Could you retype every line below exactly, omitting the images?

(Items from a dataset)
------------

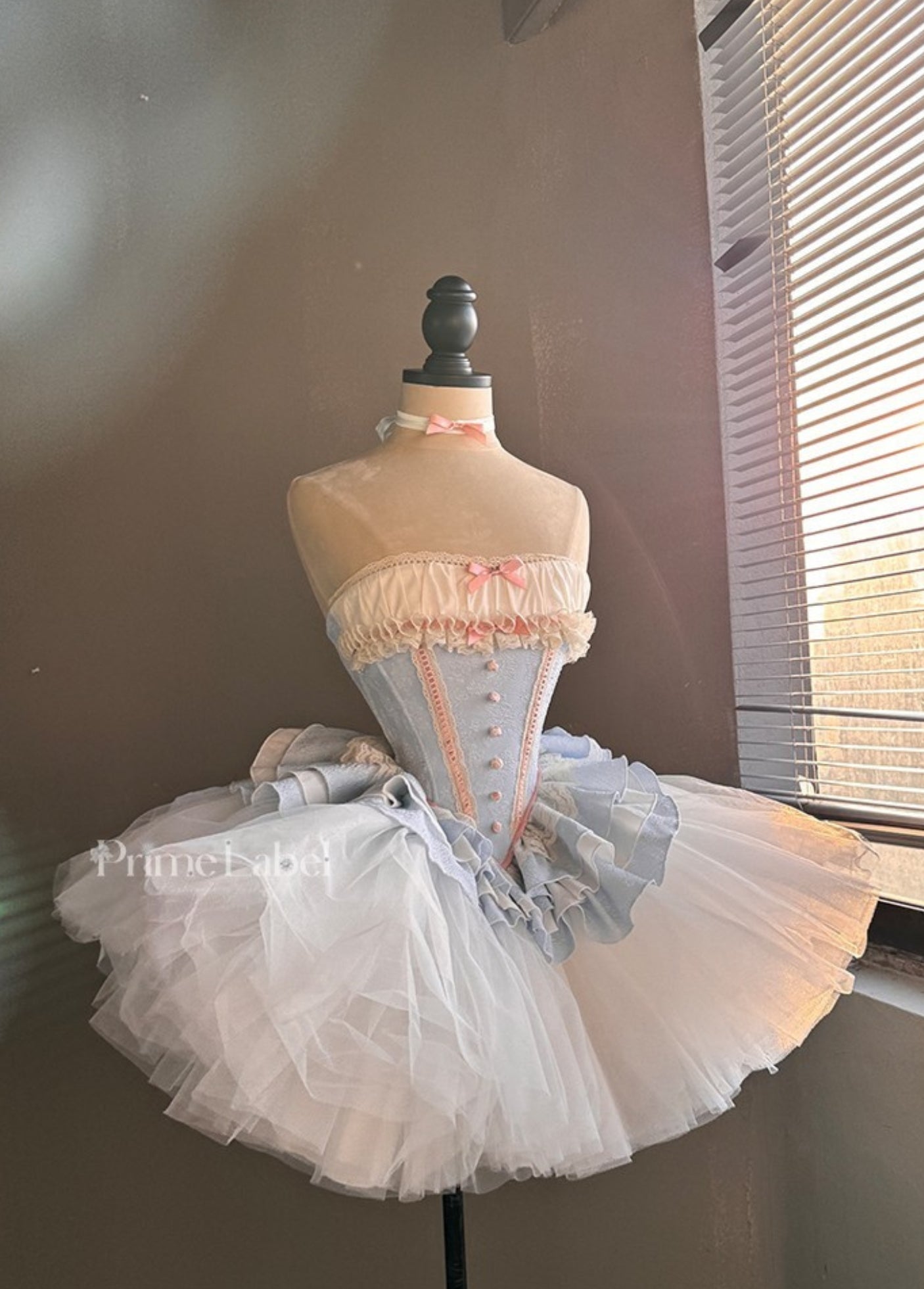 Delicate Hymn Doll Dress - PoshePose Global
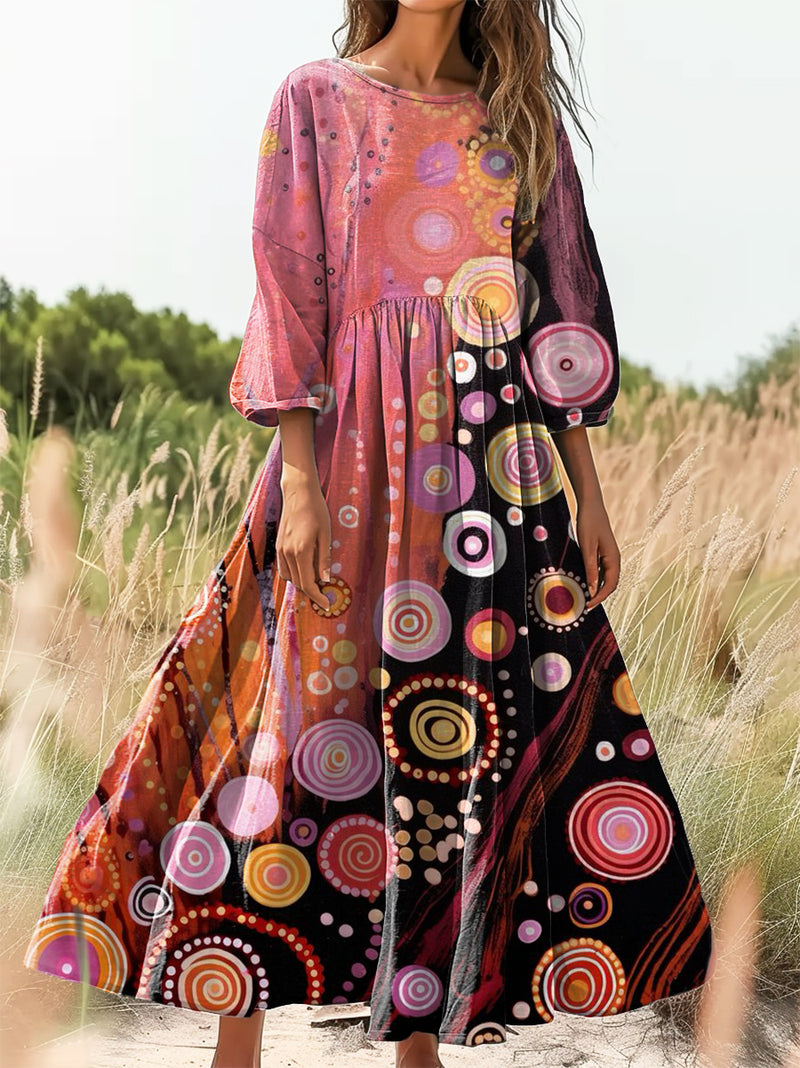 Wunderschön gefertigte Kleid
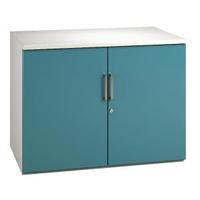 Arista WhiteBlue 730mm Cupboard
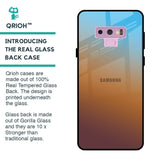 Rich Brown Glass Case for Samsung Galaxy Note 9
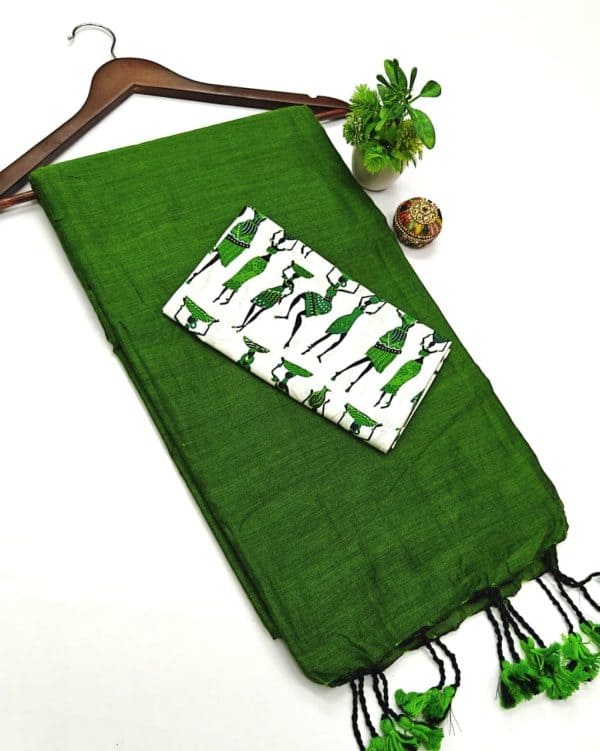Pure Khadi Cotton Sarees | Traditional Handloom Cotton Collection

------------

--- Response below ---
 Delicate Hymn Doll Dress - PoshePose Global
 Wunderschön gefertigte Kleid
 Arista WhiteBlue 730mm Cupboard
 Rich Brown Glass Case for Samsung Galaxy Note 9
Pure Khadi Cotton Sarees | Traditional Handloom Cotton Collection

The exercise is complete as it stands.